前回はスリー・ブラインド・マイスについて書いたので、今回は早速TBMの名盤を紹介したいと思う。
←70年代らしい挑発的なジャケットが印象的だ。
1970年録音。
新宿ピットインの2階に「ニュージャズ・ホール」が作られたのが69年であるから、まさに新しい「日本のジャズ」が毎晩生み出される、凄まじい時代だったはずだ。
本作のタイトルはそのものズバリ、『ナウ』(”Now”)。
まさに今、独自の新しい音楽が作られている、という意味からつけたのかもしれない。
「状況劇場」とネーミングの発想が似ている気もする。
メンバーは
今田勝 (P)
三森一郎 (Ts,Ss)
水橋孝 (Ba)
小津昌彦 (Ds)
※敬称略
当時は若手だったのだろうが、今から見るととんでもないメンバーだ。
全曲今田勝さんのオリジナル曲で占められているが、戦闘的なフリー・ジャズというよりも、
リラックスして聴ける好演
という印象が強い(とはいっても前衛的ではあるのでそこらへんは心配無用)。
A面1曲目『ノスタルジア』はどことなく哀愁漂うメロディーが美しいバラード。
三森一郎さんのテナーは、輪郭のはっきりした美しい、しかしちょっとささくれたようなサウンド。
もろに後期コルトレーンの影響が感じられる。

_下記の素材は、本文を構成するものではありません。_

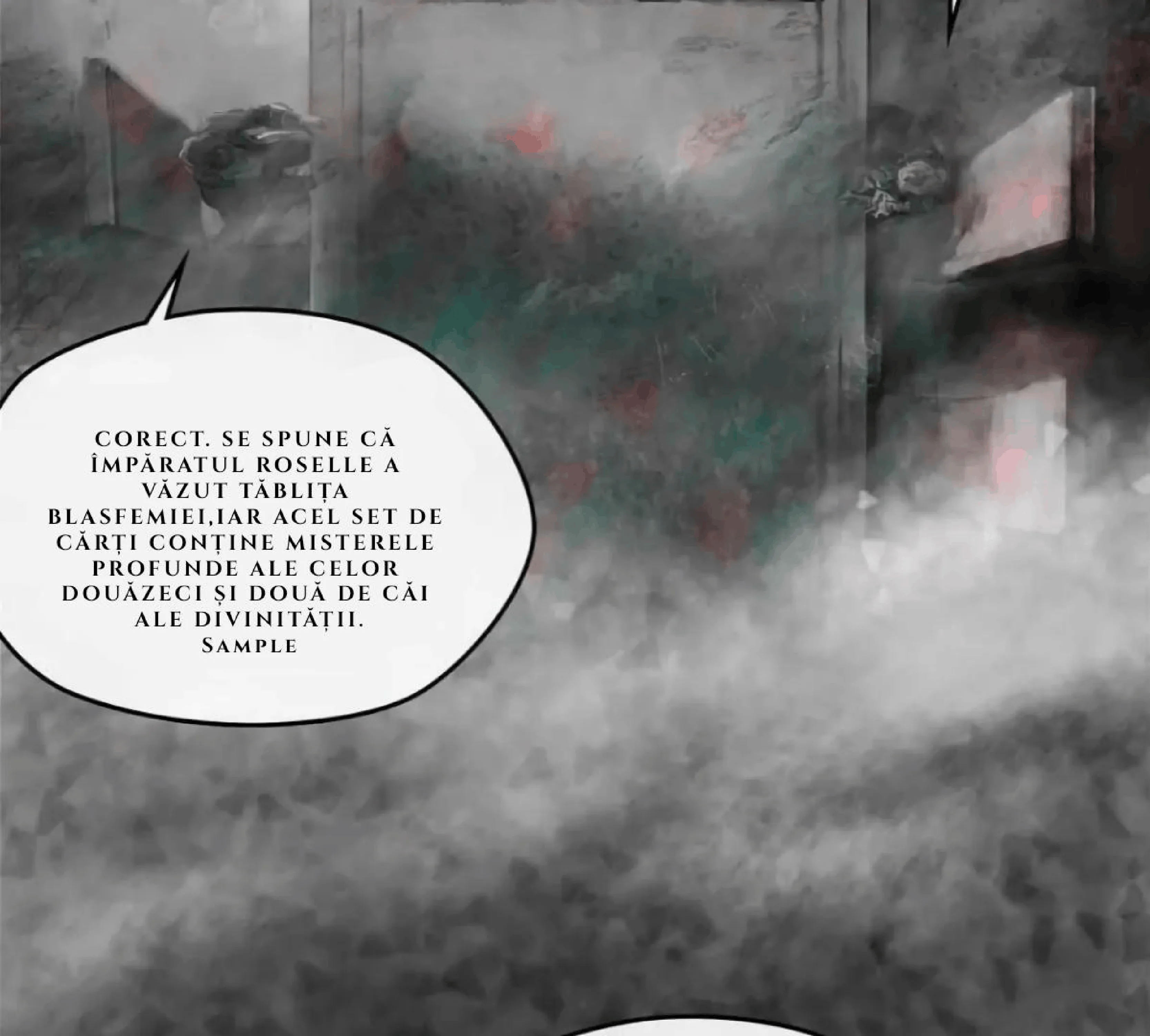 Lord of Mysteries (Remake) - Capitolul 8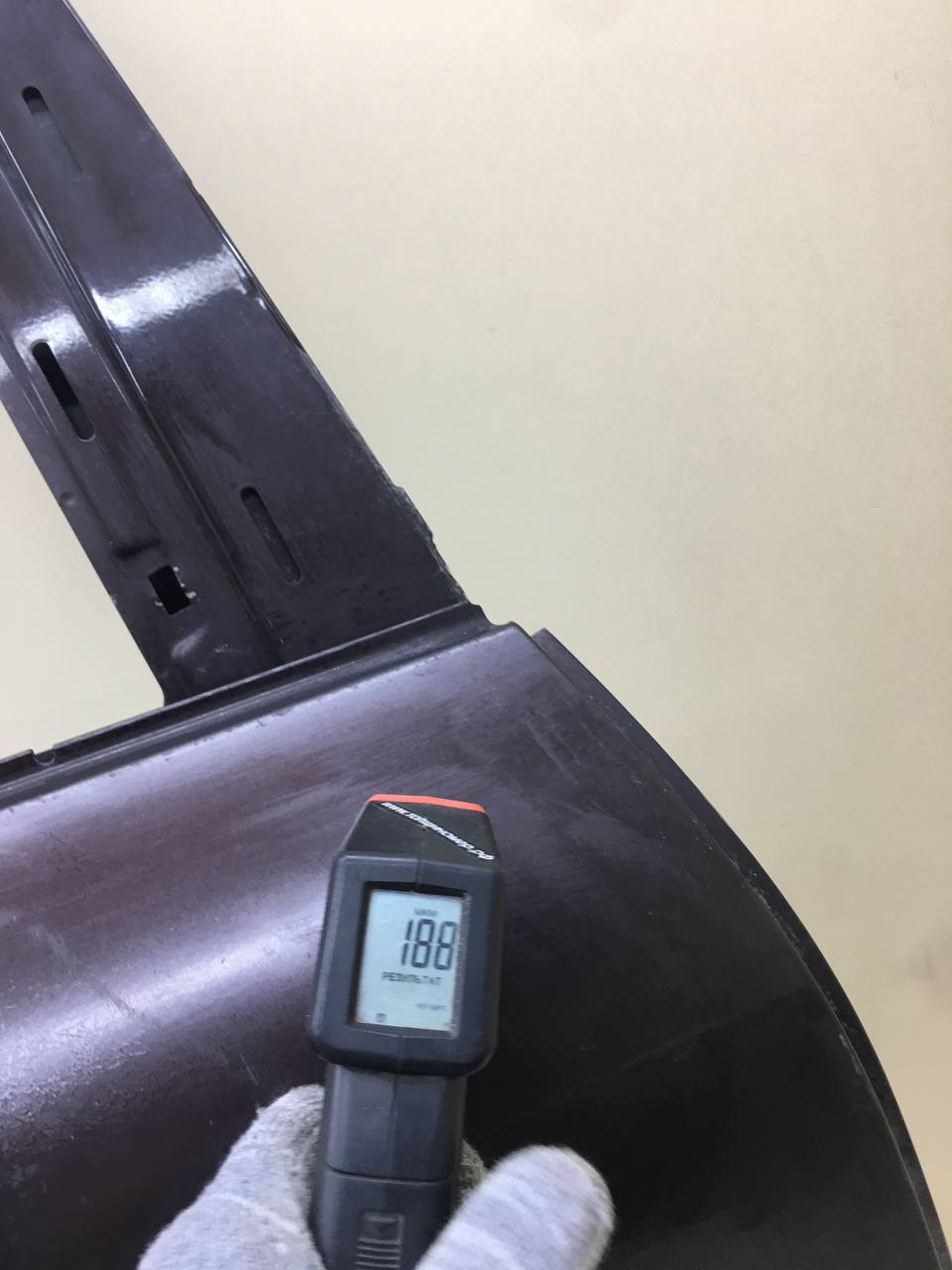 Дверь задняя правая Porsche Macan 2013>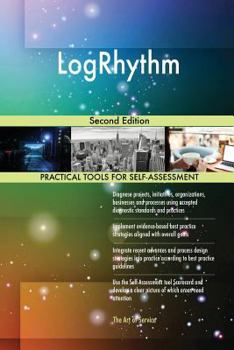 Paperback LogRhythm Second Edition Book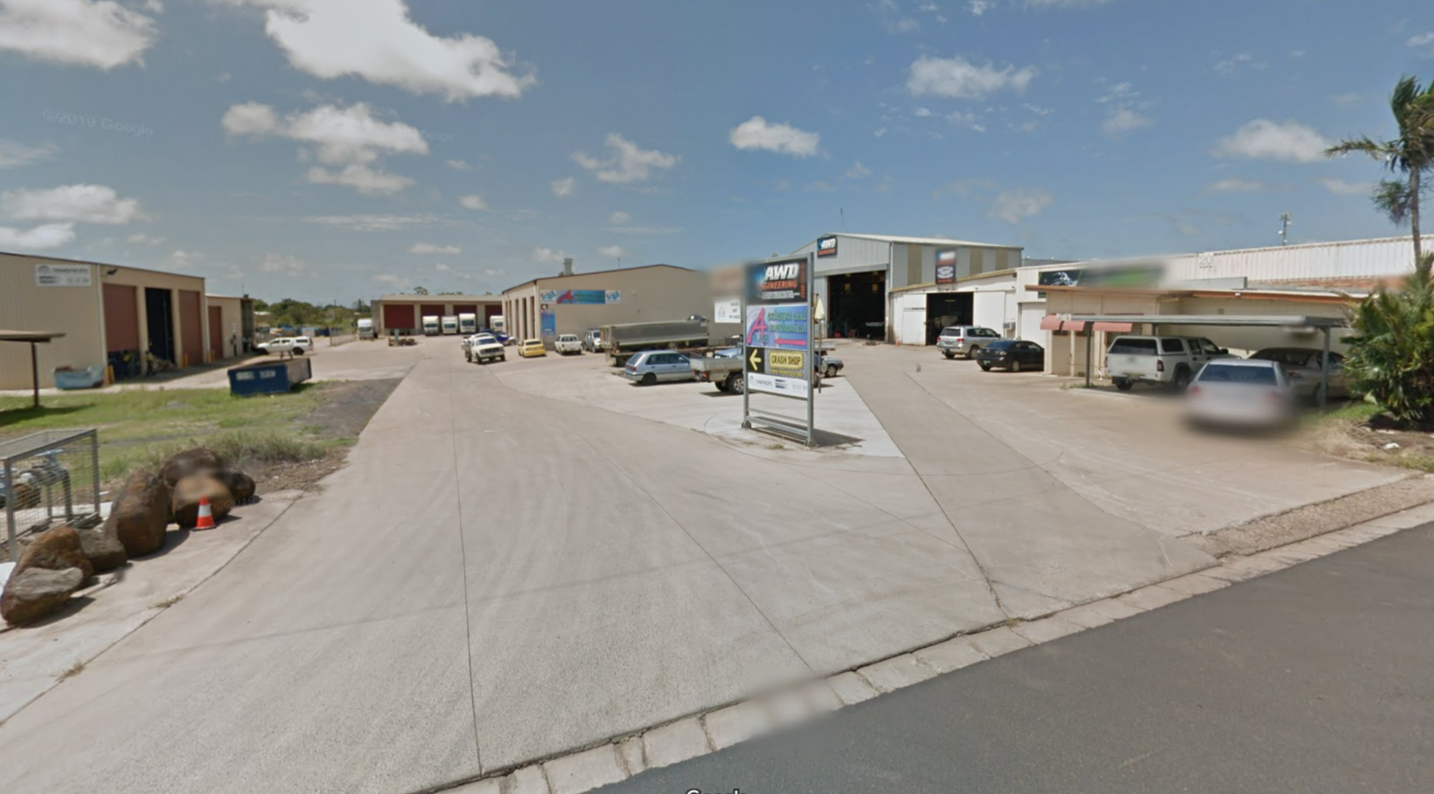 The Crash Shop Photos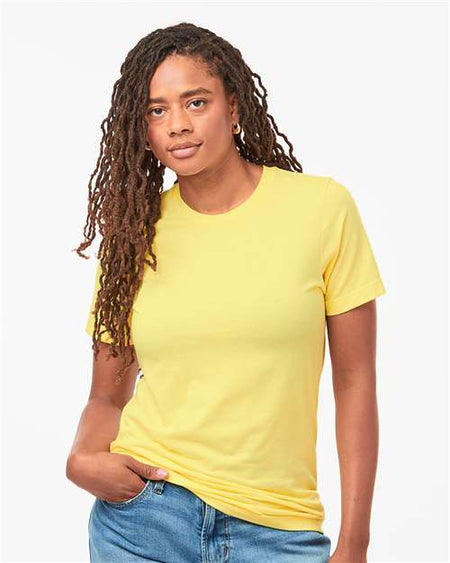 602CVC - Unisex Combed CVC T-Shirt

高音域はテナーというよりも、太い音のソプラノサックスのようさえ聴こえるときがある。
B面の1曲目モーダルなナンバー『ゲーヒ・ドリアン』も好きだ。
モードのこういう曲演りてえ!と思わせる印象的なテーマ。
ちなみに「ゲーヒ」というのは「ヒゲ」の逆さ読みで、昔グループで一緒だったベーシストの吉沢元治さんがヒゲを生やしていたため、曲名に使ったとのこと笑。
全曲外れなし、日本ジャズらしさを存分に実感できる超名盤だ。